[What you should do] Output each record verbatim, with pictures left out.
====================
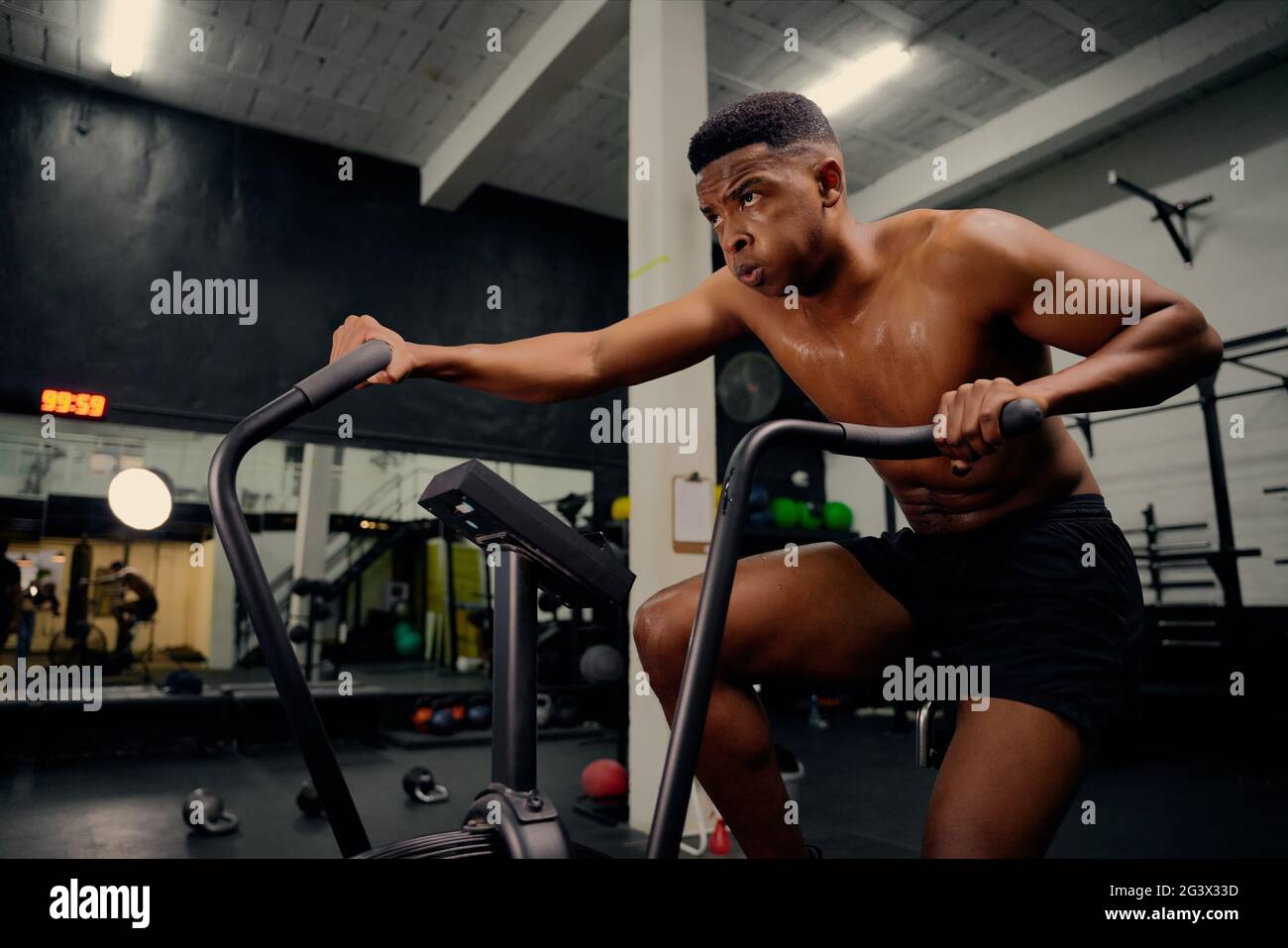 African American male using an elliptical trainer during cross fit  training. Male athlete exercising intensely in the gym. High quality photo  Stock Photo - Alamy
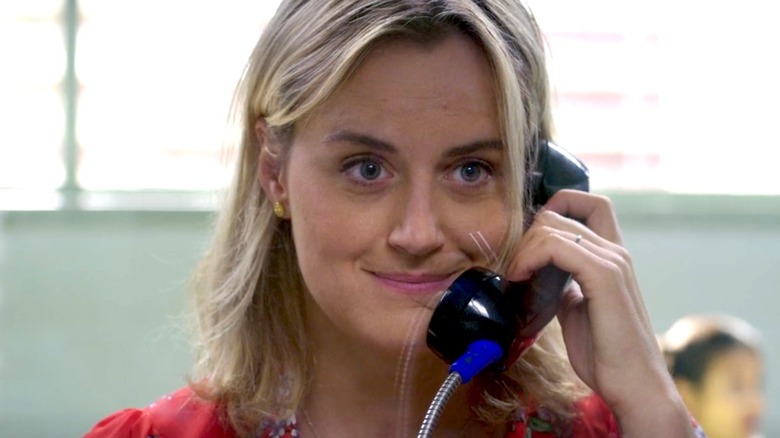 Piper Chapman on a prison phone in the season 7 trailer of Orange Is the New Black
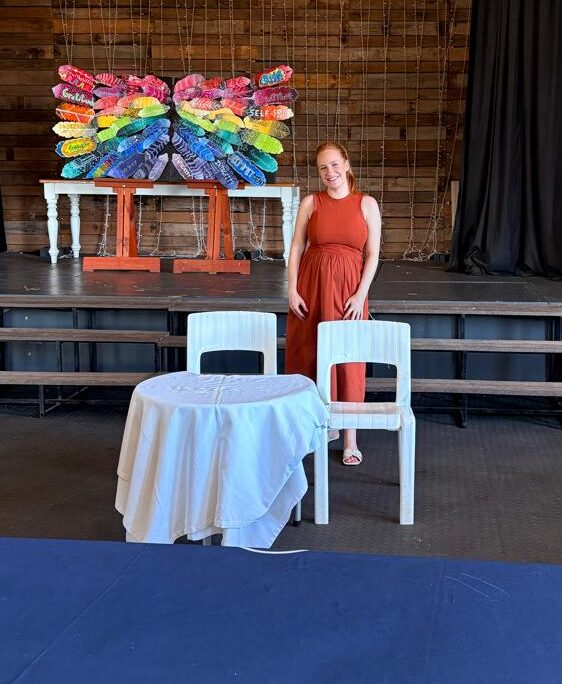 Woman in red dress standing behind a table with two chairs, colorful shoe display on stage behind her.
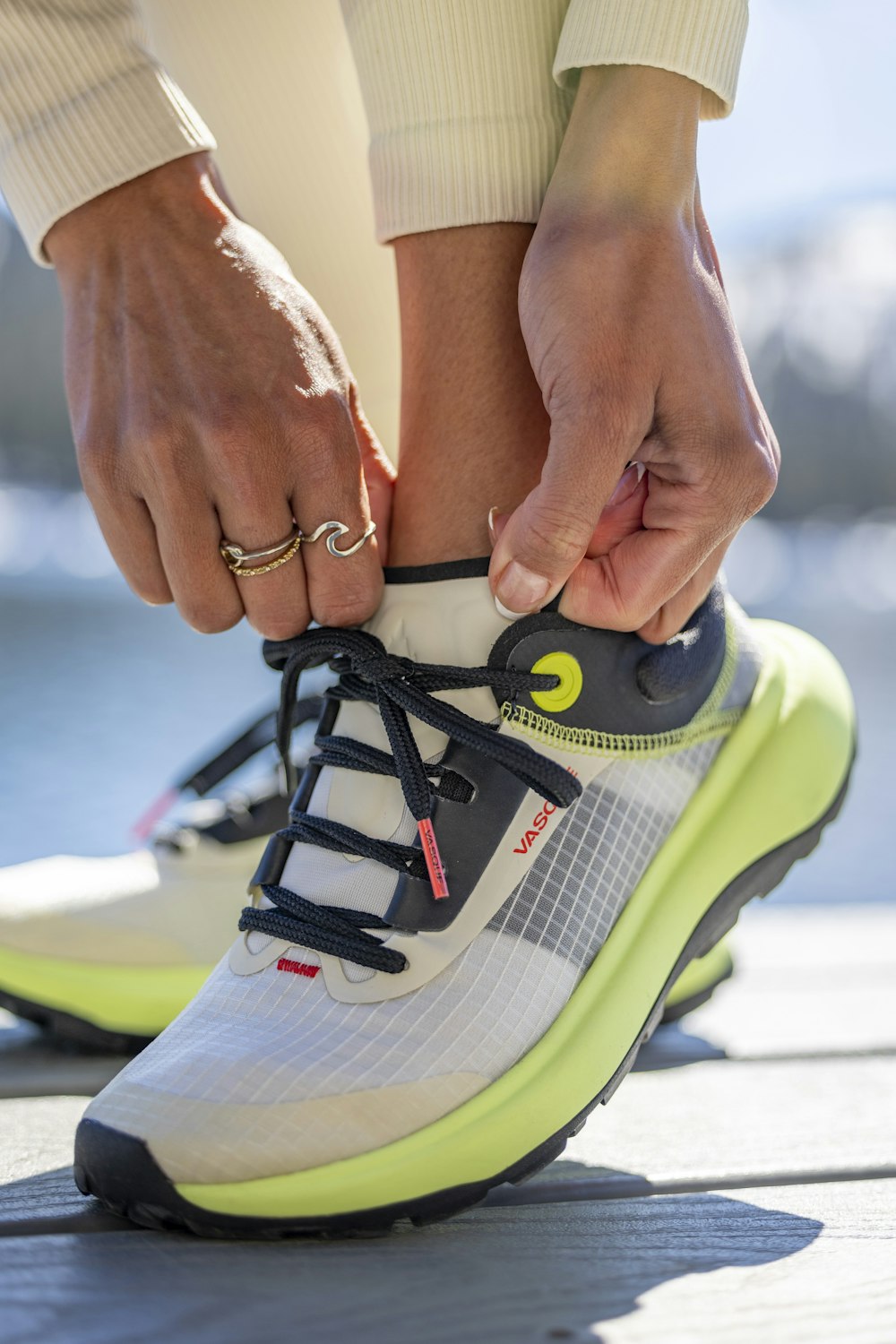 a person tying a shoelace on a tennis shoe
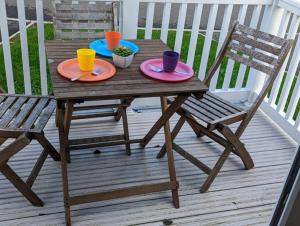 een houten tafel met twee borden en twee stoelen op een veranda bij PEACEFUL HOMELY Caravan IN LOVELY CUL DE SAC Littlesea Haven Weymouth in Weymouth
====================
[Task answer]
 African American male using an elliptical trainer during cross fit  training. Male athlete exercising intensely in the gym. High quality photo  Stock Photo - Alamy
 Piper Chapman on a prison phone in the season 7 trailer of Orange Is the New Black
 Woman in red dress standing behind a table with two chairs, colorful shoe display on stage behind her.
 a person tying a shoelace on a tennis shoe
 een houten tafel met twee borden en twee stoelen op een veranda bij PEACEFUL HOMELY Caravan IN LOVELY CUL DE SAC Littlesea Haven Weymouth in Weymouth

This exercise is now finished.